Furthermore, there are additional biological factors possibly affecting lumirubin production. It has previously been reported38 that the combination of long-chain fatty acids with bilirubin HSA results in a change in the circular dichroism spectrum of bilirubin, a phenomenon associated with an increase in the rate of formation of lumirubin.38 In addition, binding of bilirubin to HSA might modulate the formation rate of lumirubin.30 The role of albumin binding is emphasized by observations by Goncharova et al.,39 who recently reported that lumirubin can bind to HSA at different sites from that of bilirubin and thus alter the lumirubin formation, and the primary binding sites of bilirubin on albumin are still available for binding of another molecule of bilirubin.

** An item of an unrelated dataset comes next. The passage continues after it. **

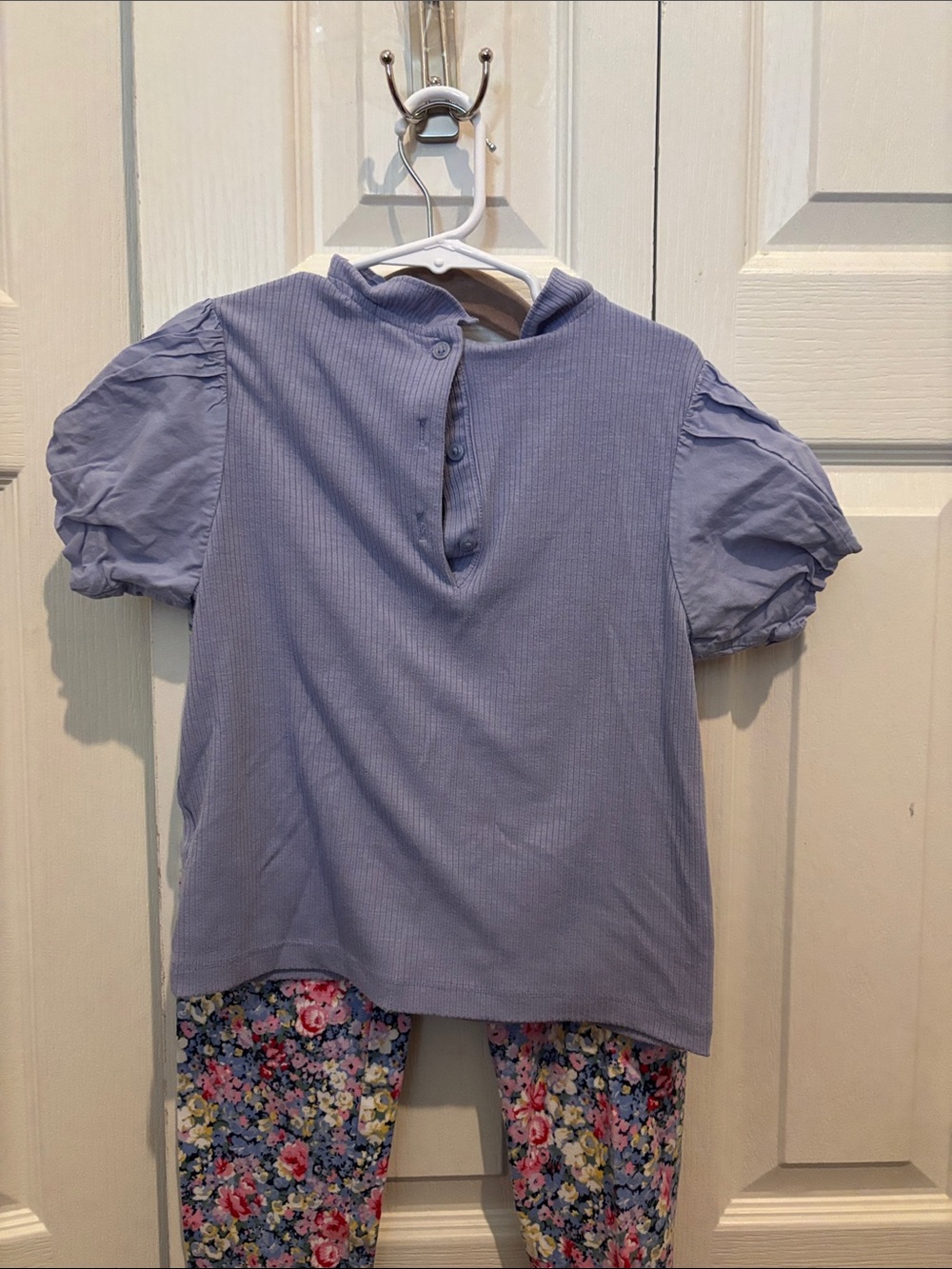 Janie and Jack Lavender Top with Floral Leggings - Picture 4 of 6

It is also important to emphasize that the effect favoring production of the 4E,15Z-isomer occurs in a region where the absorption of bilirubin is low, and thus a narrow irradiation wavelength range at the long wavelength edge of the bilirubin absorption band is probably not better clinically than irradiation wavelengths near the bilirubin absorption maximum.26 This is in line with the observation that, despite a more efficient production of the 4E,15Z-isomer and lumirubin by turquoise light, the overall production of these bilirubin photodegradation products may be too low to be clinically important,31 although an increased conversion to lumirubin followed by its enhanced urinary clearance6 should be considered as well. Based on all these data possibly supporting a greater in vivo efficacy of using longer wavelengths for phototherapy, it is necessary to perform clinical studies to carefully evaluate the kinetics and dynamics of bilirubin and its photoproduct production, including urinary excretion of lumirubin, in the 460–510 nm wavelength range.

According to the 2004 AAP Practice Guideline,4 special blue fluorescent tubes or LEDs should be used for the treatment of neonatal hyperbilirubinemia. If our current in vitro data could be proven to apply in vivo, a shift of wavelength from 460 ± 10 to longer wavelengths could mean a potential decrease in the duration of phototherapy, and the wavelength range for intensive phototherapy of 430–490 nm could be potentially changed to a narrower range of 470–510 nm.

In fact, commercially available phototherapy devices emitting 500-nm turquoise light are being clinically used, such as the BiliBlanket and Wallaby (GE Healthcare and Philips Children’s Ventures, respectively) devices15 as well as turquoise fluorescent lamp-based devices.14 Some studies utilizing these devices have shown that exposure to turquoise light is more effective in lowering the bilirubin levels than exposure to blue light,14 although other studies did not show any difference.31,40

In conclusion, in our in vitro system, the optimum bilirubin photodegradation and lumirubin production rates occurred at 500 nm. Spectral shapes were remarkably similar, suggesting that lumirubin production was the major process of bilirubin photodegradation. Taking into account complex interactions of biological and chemical factors, a similar methodological approach should be used in human studies to reveal all the factors affecting the phototherapy efficacy. Thus studies on human neonates treated with phototherapy should focus on the determination of the concentrations of bilirubin and its photoisomers as well as other photooxidation products not only in sera but also in urine and stool to uncover the factors affecting phototherapy efficacy in vivo.